Required action.
Make an exact copy of the listing underneath, skipping each picture.

○ ○ ○

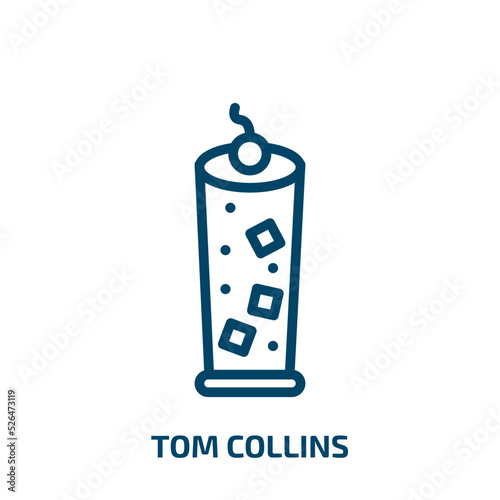 tom collins icon from drinks collection. Thin linear tom collins, bar, alcohol outline icon isolated on white background. Line vector tom collins sign, symbol for web and mobile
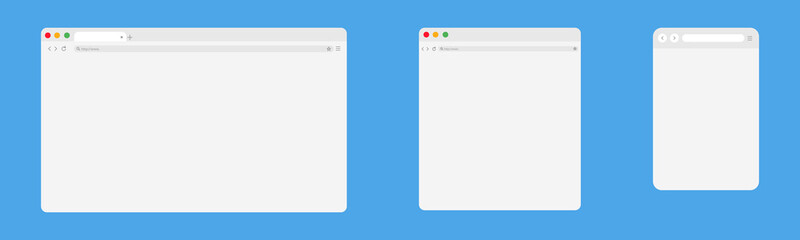 Web browser window isolated vector elements. Site template design on different devices. Mockup for website design on blue background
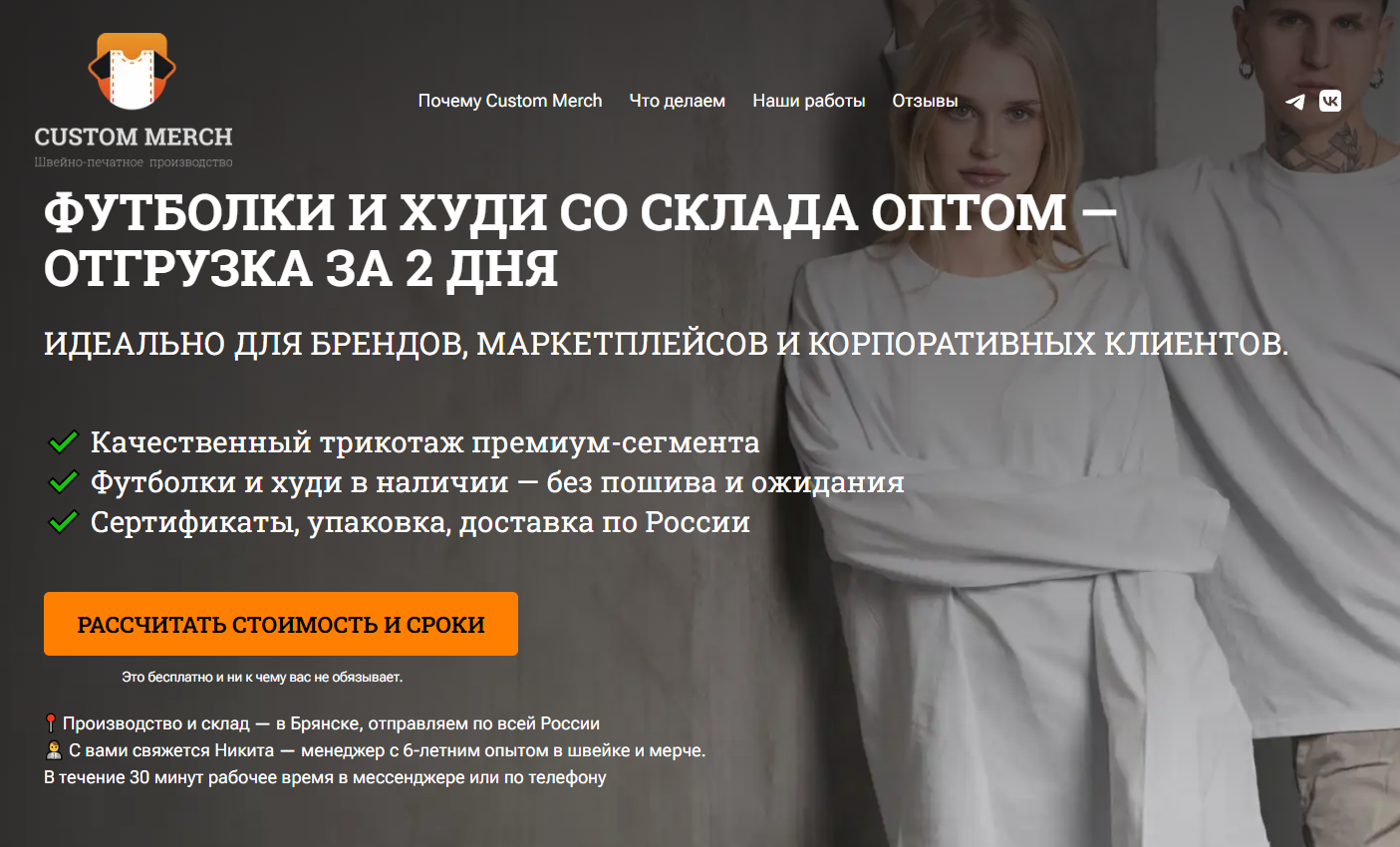 Один из трёх лендингов — сегмент мерча для блогеров и брендов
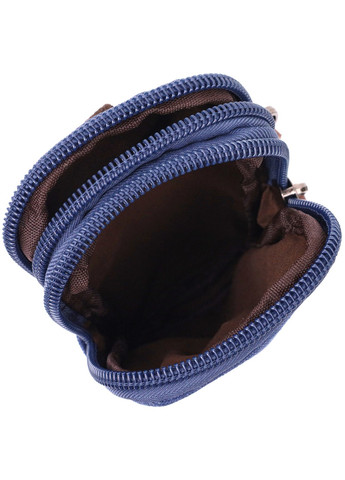 Практичная сумка-чехол на пояс с металлическим карабином из текстиля 22226 Синий Vintage (267948750)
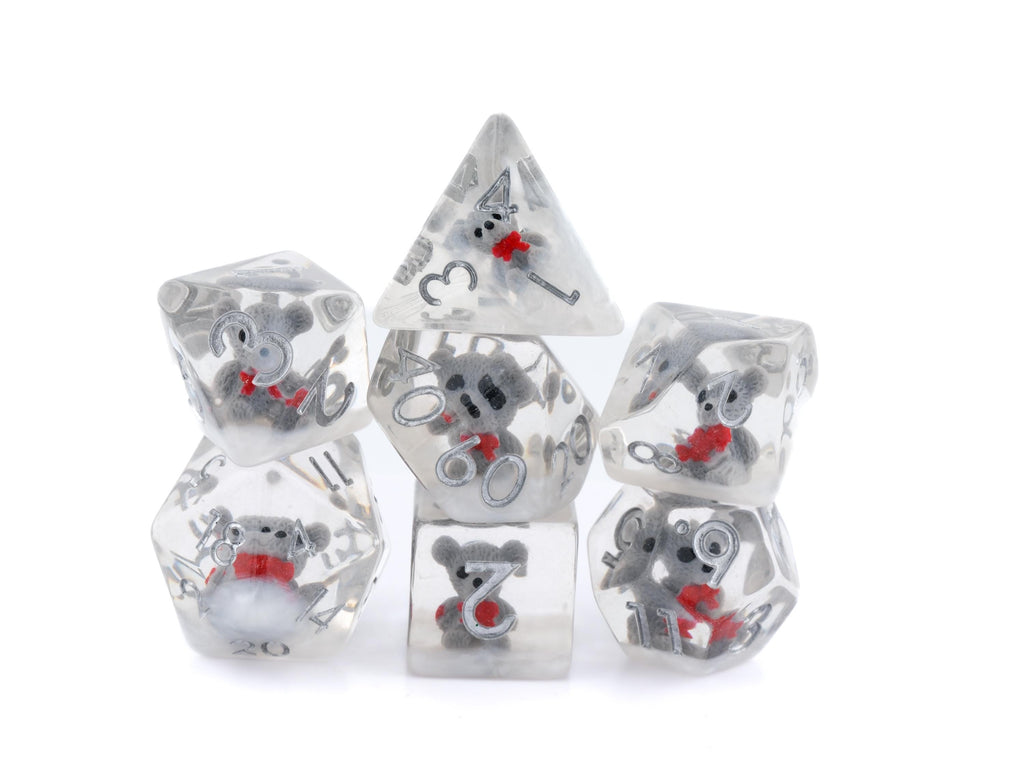 Teddy Bear Resin DnD Dice | 7 Piece Dice Set | Cute Fluffy Bear | Forest Animal Dice | Dungeons & Dragons | Tabletop RPG | Nerdy Gamer Gift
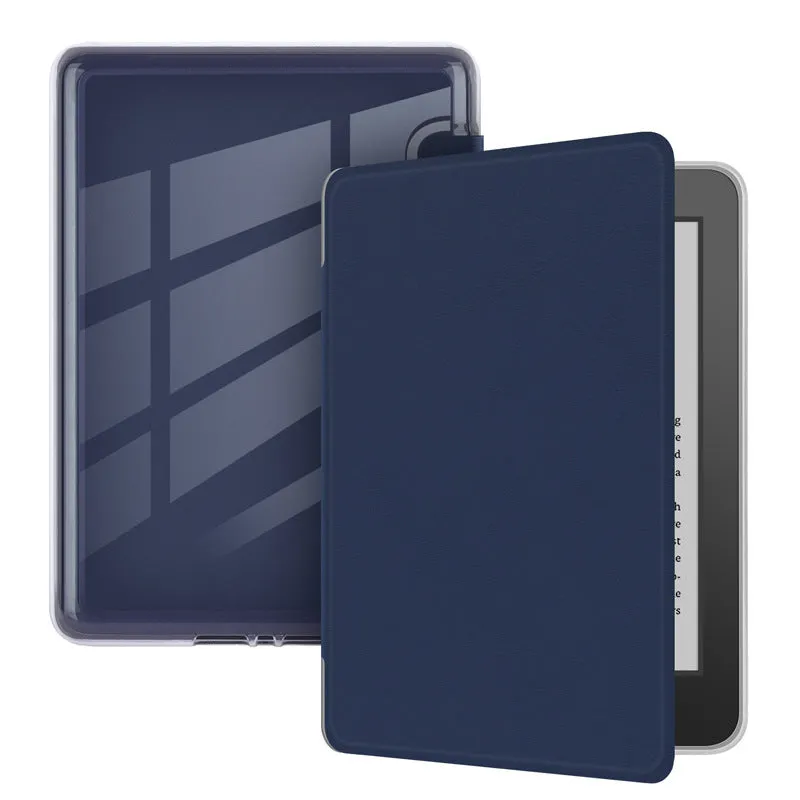 Magnetic acrylic leather flip cover for Kindle Paperwhite, Dark Night Green colour, front view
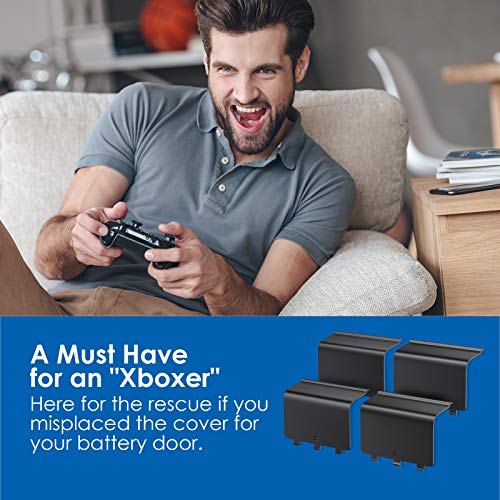 Image of 4 Pack Battery Back Cover for Xbox One /One S /One X Controller [NOT for Xbox Series X /S], Avorast Replacement Battery Back Shell Covers Compatible with Xbox One, One S, One X Controllers (Black)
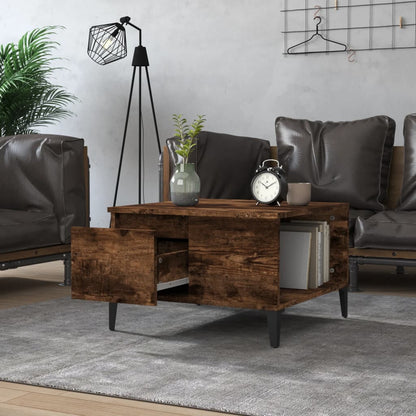 vidaXL Table basse chêne fumé 55x55x36,5 cm bois d'ingénierie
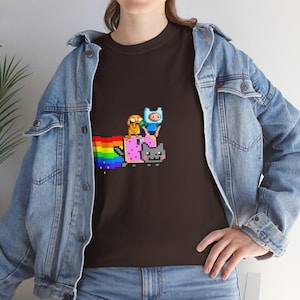 Adventure Time Nyan Cat T-Shirt: Pixel Art Gamer Tee image 1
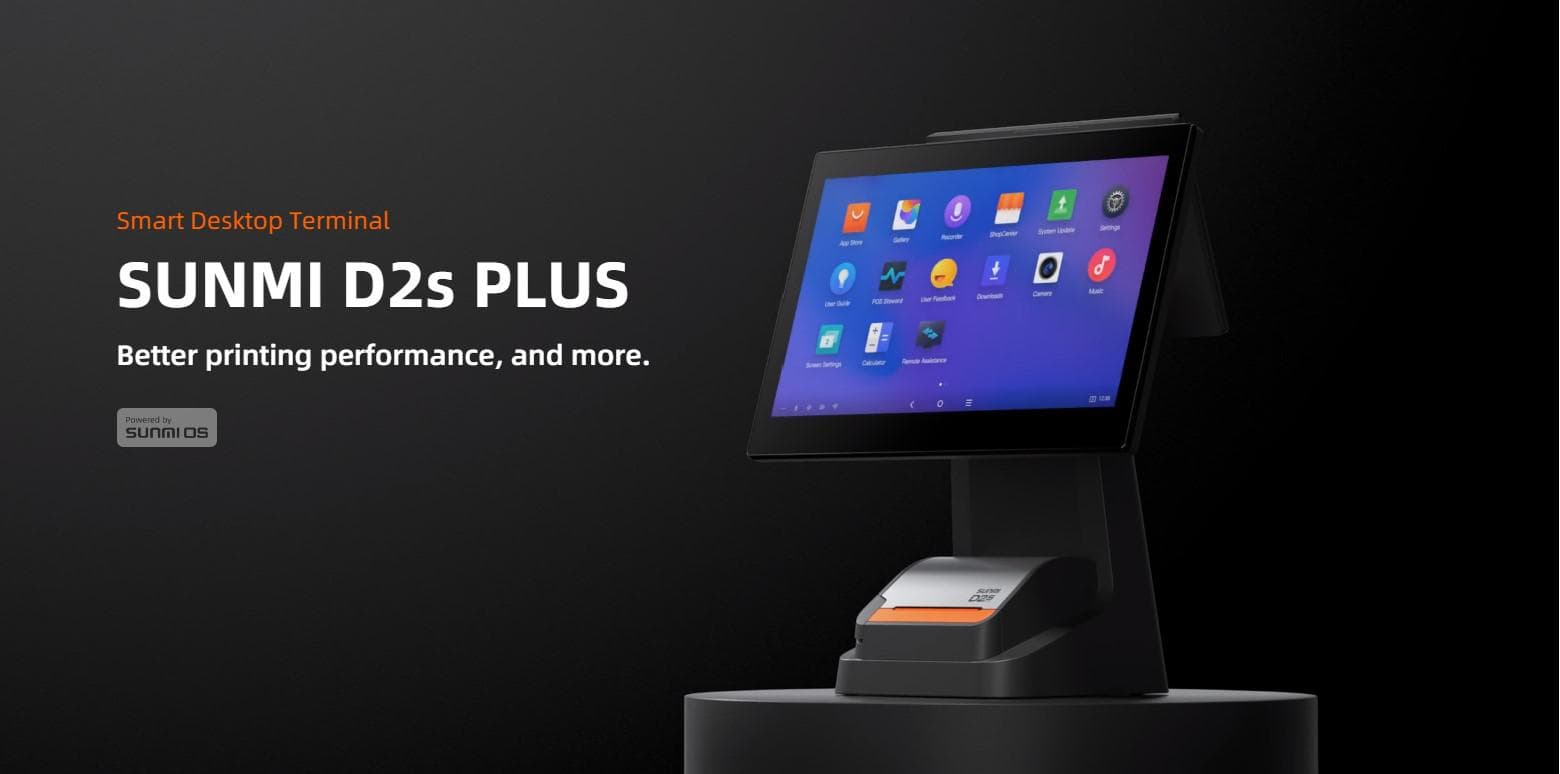 SUNMI DESKTOP POS SYSTEM L1586 D2s PLUS (15.6"+15.6", 2GB + 16GB, Printer 80mm, WIFI, Adapter EU)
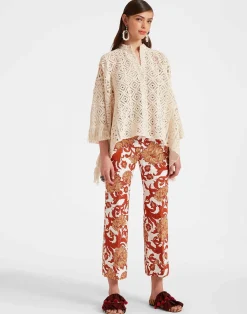 La DoubleJ Pantaloni E Shorts<Hendrix PantsReef White in Shot Cotton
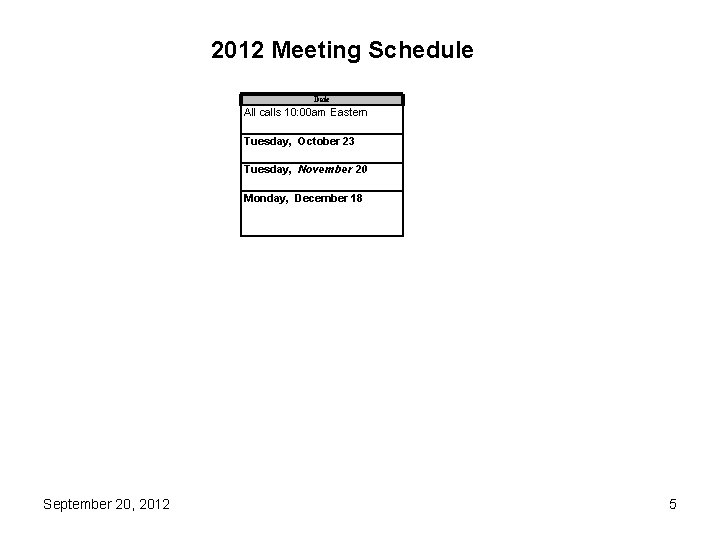 2012 Meeting Schedule Date All calls 10: 00 am Eastern Tuesday, October 23 Tuesday,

○ ○ ○

Reply.
 tom collins icon from drinks collection. Thin linear tom collins, bar, alcohol outline icon isolated on white background. Line vector tom collins sign, symbol for web and mobile
 Web browser window isolated vector elements. Site template design on different devices. Mockup for website design on blue background
 Один из трёх лендингов — сегмент мерча для блогеров и брендов
 Практичная сумка-чехол на пояс с металлическим карабином из текстиля 22226 Синий Vintage (267948750)
 Teddy Bear Resin DnD Dice | 7 Piece Dice Set | Cute Fluffy Bear | Forest Animal Dice | Dungeons & Dragons | Tabletop RPG | Nerdy Gamer Gift
 Magnetic acrylic leather flip cover for Kindle Paperwhite, Dark Night Green colour, front view
 Image of 4 Pack Battery Back Cover for Xbox One /One S /One X Controller [NOT for Xbox Series X /S], Avorast Replacement Battery Back Shell Covers Compatible with Xbox One, One S, One X Controllers (Black)
 vidaXL Table basse chêne fumé 55x55x36,5 cm bois d'ingénierie
 Adventure Time Nyan Cat T-Shirt: Pixel Art Gamer Tee image 1
 SUNMI DESKTOP POS SYSTEM L1586 D2s PLUS (15.6"+15.6", 2GB + 16GB, Printer 80mm, WIFI, Adapter EU)
 La DoubleJ Pantaloni E Shorts<Hendrix PantsReef White in Shot Cotton
 2012 Meeting Schedule Date All calls 10: 00 am Eastern Tuesday, October 23 Tuesday,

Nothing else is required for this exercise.